Profit Minded

A self-promotion pro tells how to get ahead

Consultant Dan Schawbel is the author of Promote Yourself

Dan Schawbel’s new book is called Promote Yourself, and there can be no doubt he’s walking the talk. Any author who can get book-cover testimonials from the likes of Daniel Pink, Stephen Covey, Jack Canfield, Guy Kawasaki, Gretchen Rubin and more than a dozen other captains of industry, media, and self help has every right to call himself an authority on getting recognized at work.

Schawbel’s first book, Me 2.0: 4 Steps to Building Your Future, published in 2010, described how to leverage social media to get a job. The 29-year-old has since forged a career for himself as a consultant, speaker, and author helping his Generation Y peers thrive in the new economy. But his insights can serve anyone grappling with what he calls “the new rules for career success.”
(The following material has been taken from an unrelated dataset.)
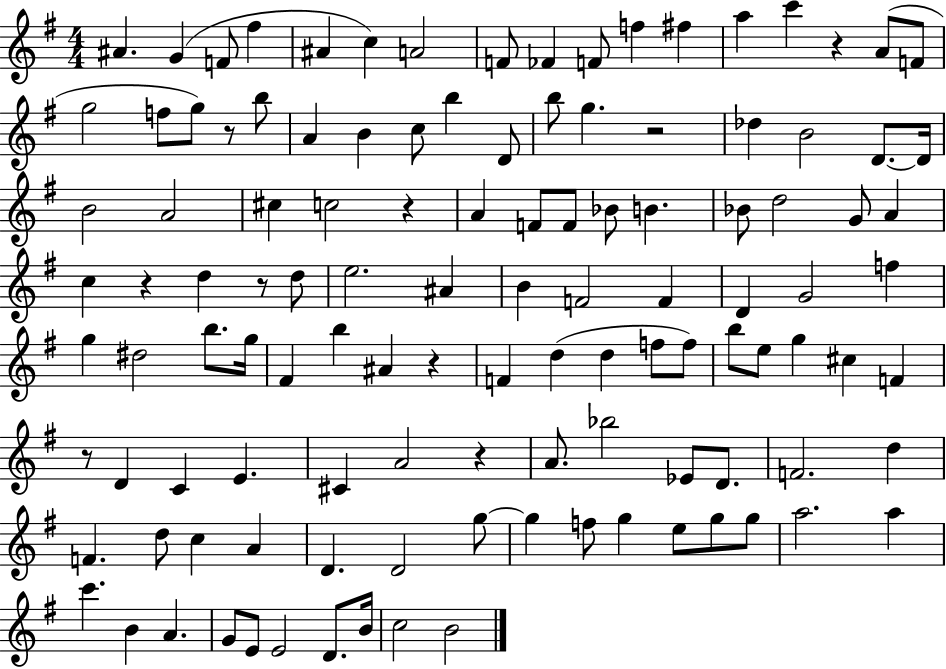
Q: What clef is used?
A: treble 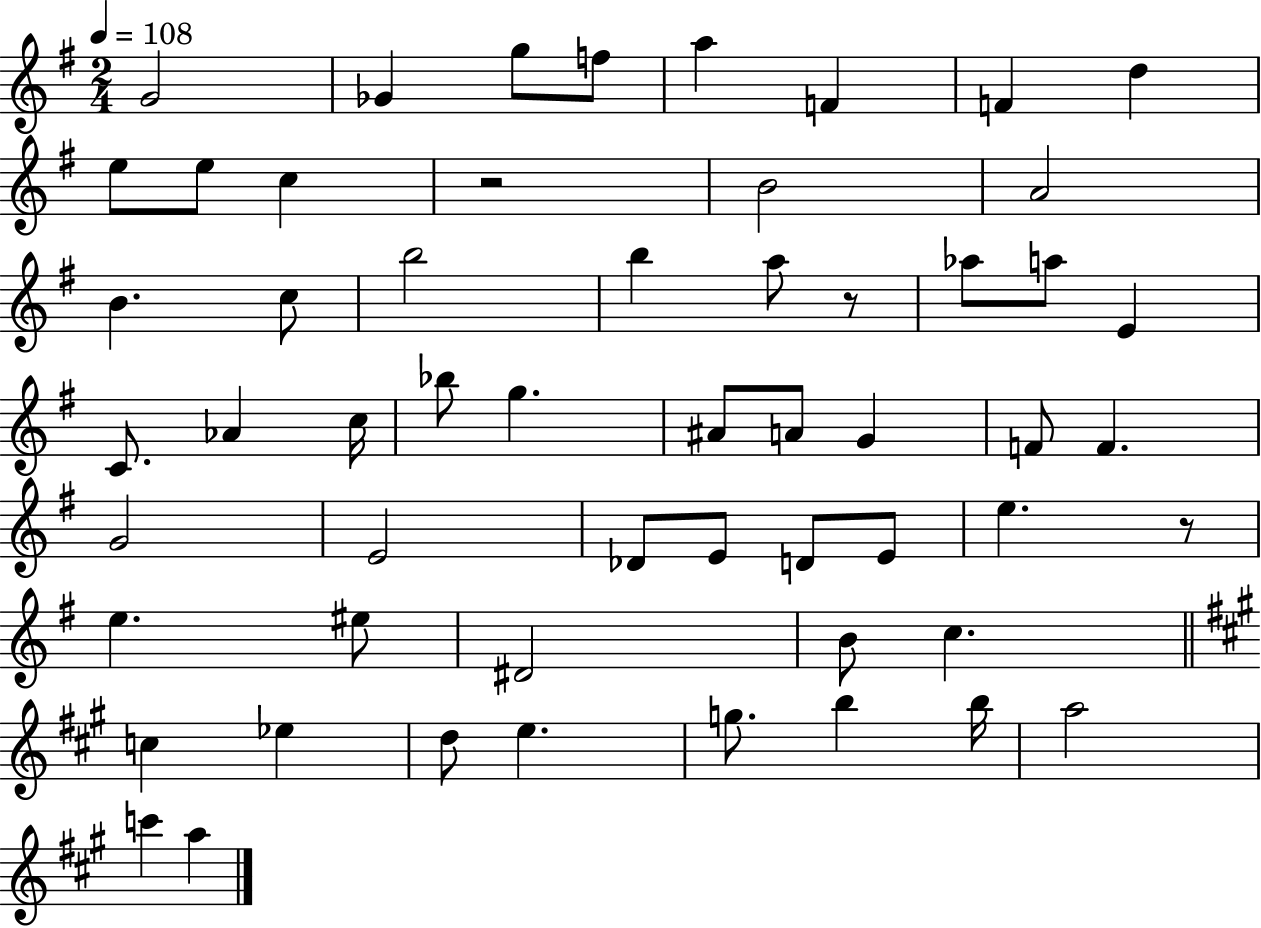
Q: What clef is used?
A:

Nearly a year ago this blog featured Schawbel’s advice on how to build a personal brand. His new book, due out September 3 and available for pre-order now, lists some rules that should be plainly evident to anyone by now, such as “your job is temporary,” “you’re going to need a lot of skills you probably don’t have right now,” and “your personal life is now public.”

But it also contains great advice. Some of that comprises ideas for managing your Facebook, Twitter, LinkedIn, and Google + accounts to advance, or protect, your professional reputation (I paused mid-chapter several times to adjust my own Facebook account settings based on his advice).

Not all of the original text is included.